[WORK ITEM]
Images do not belong in the copy. Retype the entries exactly.

++++ DATA EXTRACTS ++++

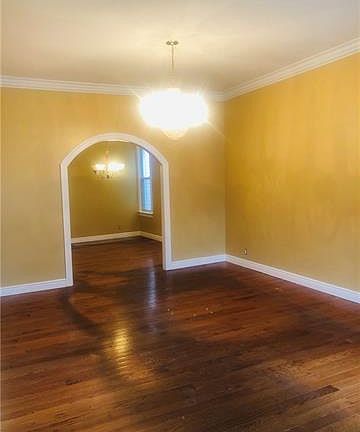 2nd image of 651 E 235th St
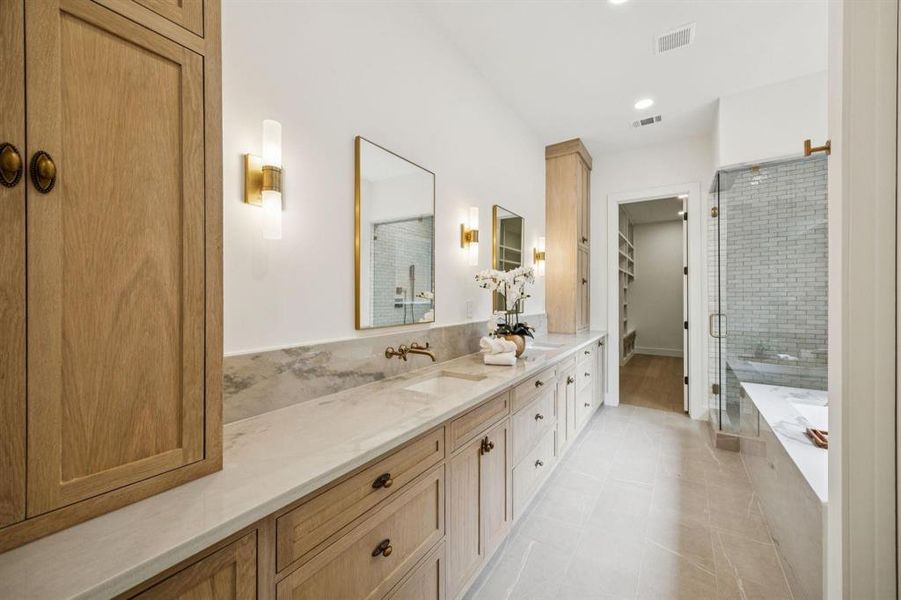 Furnished interior view inside a new home in , Dallas (Image 27).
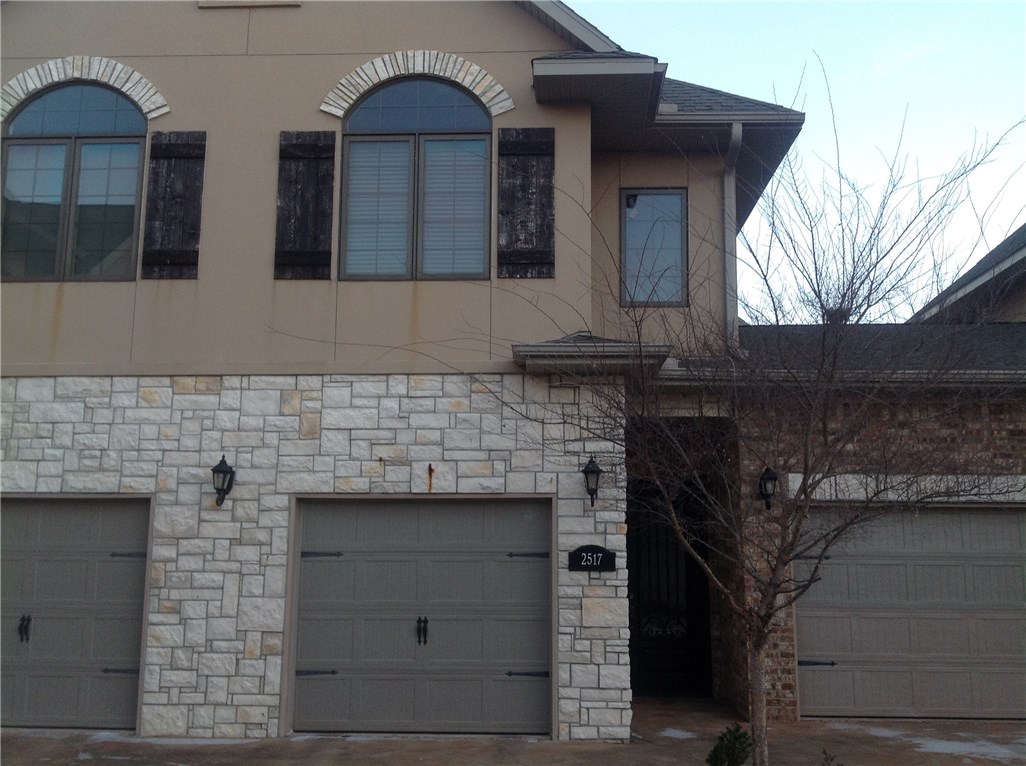 Check out this 2 bedroom, 2.5 bath, luxury condo in Rogers. This condo comes with gas cooktop, granite countertops and nice patio. This condo is close to the AMP, shopping & restaurants.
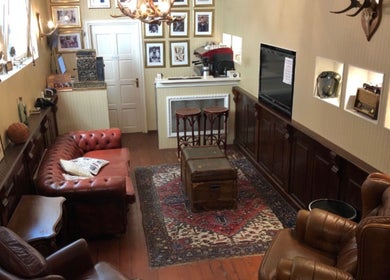 Stijlvolle retro lounge bij Valentino Barbers, alphen aan den rijn, Zuid-holland, NL, met leren zitplaatsen.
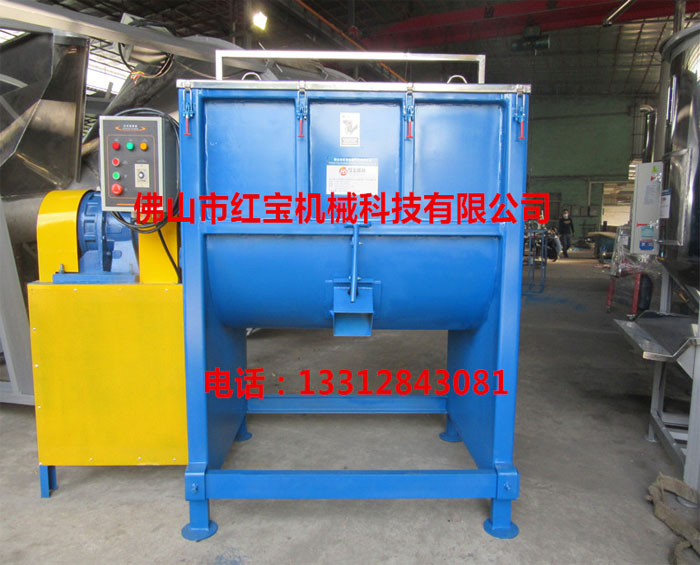 清遠(yuǎn)一家臺(tái)資企業(yè)使用1.5T臥式攪拌機(jī)，專(zhuān)門(mén)用于拌色料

++++

[EXERCISE ANSWER]
 2nd image of 651 E 235th St
 Furnished interior view inside a new home in , Dallas (Image 27).
 Check out this 2 bedroom, 2.5 bath, luxury condo in Rogers. This condo comes with gas cooktop, granite countertops and nice patio. This condo is close to the AMP, shopping & restaurants.
 Stijlvolle retro lounge bij Valentino Barbers, alphen aan den rijn, Zuid-holland, NL, met leren zitplaatsen.
 清遠(yuǎn)一家臺(tái)資企業(yè)使用1.5T臥式攪拌機(jī)，專(zhuān)門(mén)用于拌色料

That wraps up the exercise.